Valéry a beaucoup réfléchi sur le rôle des mains qui exécutent le travail de l’esprit. Selon l’auteur du Cimetière marin,

« … l’œuvre de l’esprit n’existe qu’en acte ».

Dans cette même veine, il y a une vingtaine de siècles, l’écrivain latin Suétone a décrit les écrits « manuscrits » de l’empereur romain Néron :

« J’ai eu en mains de petites tablettes et des notes où se lisaient des vers très célèbres de lui, tracés de sa propre main et non point copiés ou écrits sous la dictée : c’était évidemment l’œuvre d’un auteur qui réfléchit et compose, tant on y voyait des grattages, d’additions et de surcharges. »

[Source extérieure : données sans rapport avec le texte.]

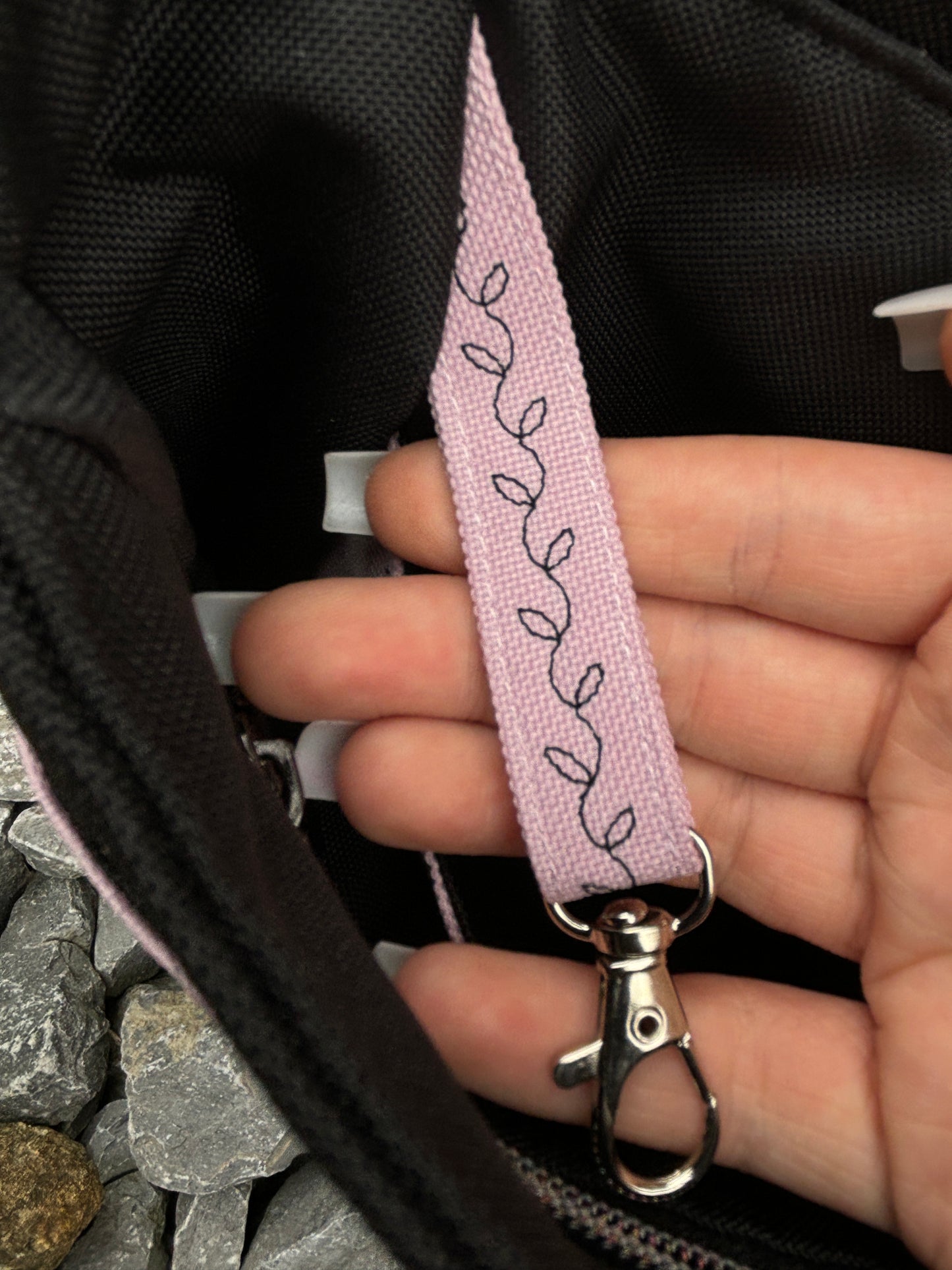 Handytasche/ kleine Umhängetasche schwarz/rosa mit Bügelbild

Suzanne Jacob ( Écrire, comment et pourquoi, Éditions Trois Pistoles, 2002 ) enchérit en témoignant de sa propre expérience de l’écriture :

« … il me semble que pour comprendre ce qui m’arrive, il me faudrait cesser d’écrire. Sauf qu’il ne suffit pas d’avoir enfermé les crayons et les stylos dans l’étui, ni d’avoir éteint toutes les lampes pour cesser d’écrire. L’écriture quitte-t-elle jamais l’écrivain. »

« …je finirais par prendre conscience que cet arrêt du cœur et cette chute du corps hors de la langue se sont produits et se reproduisent chaque fois que je suis sur le point de mettre un terme à l’errance des pensées, à leur interminable flottement, en les obligeant à passer de leur vie aérienne ou marine à la vie de plomb et d’encre qui l’écrit. »

Quelques dizaines de pages plus loin, elle poursuit :

« On dit qu’il faut plonger. C’est le contraire. Il faut faire surface. Il faut se hisser dans l’appétit des outils, crayon, clavier, écran, papier. Il faut faire ce choix : celui de passer à la hauteur rebutante de l’acte d’écrire. C’est de l’acte lui-même, de sa lenteur rebutante, que naîtra ce quelqu’un qui n’est personne, dont l’écoute est indélogeable de l’écrit, qui ne peut être créé que par l’acte qui l’engendre, en ce lieu où une lenteur rebutante parvient à rabattre au sol les vitesses les plus dévergondées… »

Contrairement à ce que Jacob peut suggérer, Pétrarque ( 1304- 1374 ) considérait pour sa part l’écriture comme un plaisir puissant ( ferrea voluptas ) qui lui rendait le papier, la plume et l’encre plus agréables que le sommeil :

« Rien n’est plus léger qu’une plume, ni plus heureux ; les autres plaisirs sont éphémères, et leurs ravissements nocifs. La plume apporte la joie quand on la prend en main, et la satisfaction quand on la dépose. »

Plus près de nous, Roland Barthes se demande pourquoi il aime écrire. Il n’est que le dernier à témoigner de ce plaisir, semblable à celui que le musicien éprouve à toucher à son instrument, ou le peintre à tenir son pinceau. Est-ce l’acte même de création ? Il n’empêche que pour s’exprimer, l’acte de création doit passer par le corps. À l’instar de Pétrarque, décrivant l’acte même d’écrire, Barthes observe que « ce plaisir doit être ancien », avant de conclure :

« … écrire n’est pas seulement une activité technique, c’est aussi une pratique corporelle de jouissance » ( Préface à la Civilisation de l’écriture, Druet et Grégoire, Fayard, 1980 )

Depuis les débuts de l’écriture, il n’y a pas que les « écrivains » qui se sont livrés à l’exercice de « cette jouissance ». Des chercheurs, dont Christiane Desroches-Noblecourt entre autres, ( Éloge du scribe, dans L’Écriture, mémoire des hommes, Georges Jean, Gallimard, 1987 ), rapportent avoir lu de nombreux témoignages de « scribes » de l’ancienne Égypte ; d’autres rapportent les témoignages de moines qui soupiraient en s’astreignant à copier la parole de Dieu dans les monastères.

On peut se demander combien de fois les scribes ou les copistes n’ont-ils pas rêvé d’utiliser leurs instruments pour écrire, rédiger ce qu’ils couvaient dans leur cœur tout autant que dans leur esprit.